225 N.W. 891 | Minn. | 1929
Lead Opinion
Action to compel A. J. Veigel, commissioner of banks and liquidating agent of the defendant bank (hereinafter referred to as the bank), to carry out certain agreements theretofore made by officers of the bank with plaintiff's predecessor and for the transfer and delivery to plaintiff of certain collateral held by Veigel.
Prior to April 1, 1918, plaintiff's corporate name was German-American Mortgage Corporation. On that date its name became Traub Mantz Mortgage Corporation, and on January 1, 1926, the present name was adopted. The corporation will hereinafter be called plaintiff, irrespective of what its name was at the specific times mentioned. On February 15, 1926, the bank was closed and is now in process of liquidation by the commissioner of banks.

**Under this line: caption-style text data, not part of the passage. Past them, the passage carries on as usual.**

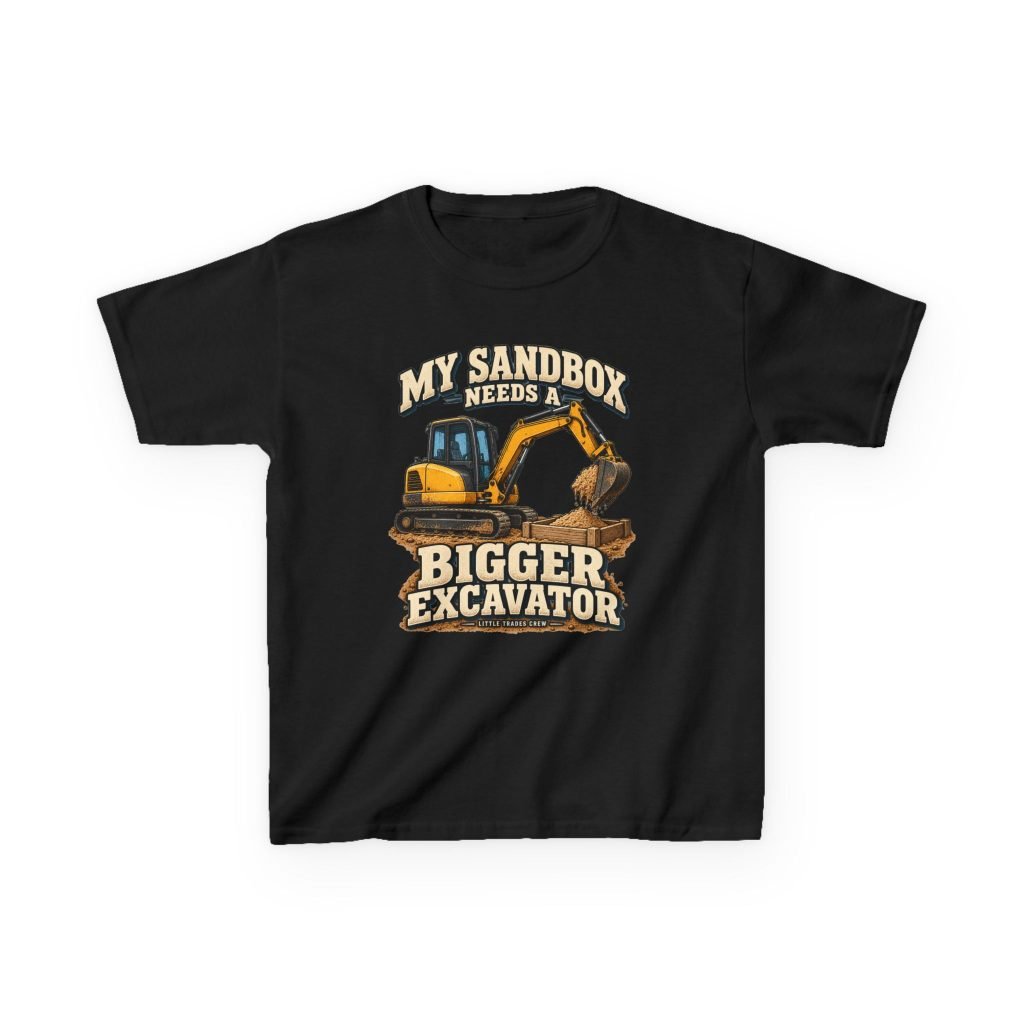 My Sandbox Needs a Bigger Excavator — Little Trades Crew Youth T-Shirt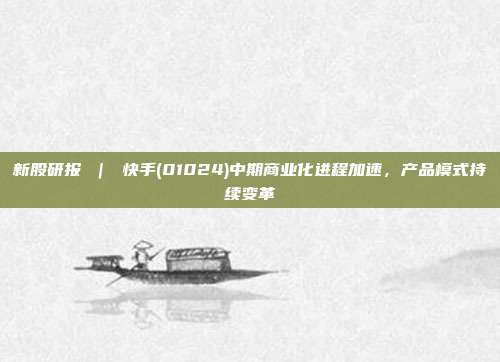 新股研报 | 快手(01024)中期商业化进程加速,产品模式持续变革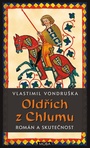 Oldřich z Chlumu - román a skutečnost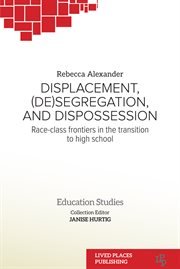 Displacement, (De)segregation, and Dispossession : Race-class Frontiers in the Transition to High School. Education Studies cover image cdn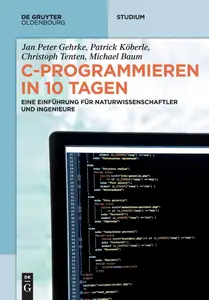 C-Programmieren in 10 Tagen Eine Einführung für Naturwissenschaftler und Ingenieure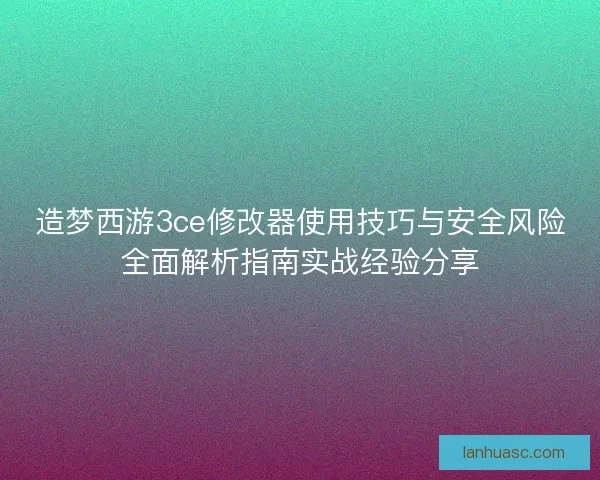 造梦西游3ce修改器使用技巧与安全风险全面解析指南实战经验分享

During the year 1922 and until February, 1923, one Hoveland was president of the bank; he was succeeded in that capacity by J. H. Meier until February, 1924, when M. D. Smiley was appointed president and thus remained until the bank was closed. All transactions here involved were carried on by Hoveland and Smiley for the bank during the respective periods when each was the bank's president and managing officer and by C. A. Mantz for the plaintiff. Each had full authority to act within the scope and power of his office and had power to bind his principal, limited only by restrictions imposed by law and custom and usage.
Prior to the closing of the bank plaintiff was a borrower of the bank and kept its commercial accounts with it. On April 7, 1922, the bank owned certain bonds, known as Holmes Securities Company bonds, in an aggregate sum of $30,000. On that date these bonds were traded to plaintiff at a discount of 10 per cent, $20,000 *531 in first farm mortgages and $7,000 in second farm mortgages (the latter bearing no interest) being received therefor and becoming the assets of the bank. Collections were made on the second mortgages, reducing the amount to $6,648.61. The second mortgages were criticized by the banking department and ordered to be removed from its assets. Plaintiff was requested by Hoveland to repurchase the second mortgages and to give the bank a note (exhibit C) dated September 8, 1922, due December 8, 1922, secured by the second mortgages as collateral, for the balance unpaid thereon in the sum of $6,648.61. This was done. At the time of the giving of said note an arrangement was made in writing by means of letters between Hoveland, in the name of the bank, and Mantz, representing plaintiff, to the effect that the note was given simply as an accommodation to the bank and that plaintiff was at no time to pay the same and that said note was given without consideration and no liability assumed.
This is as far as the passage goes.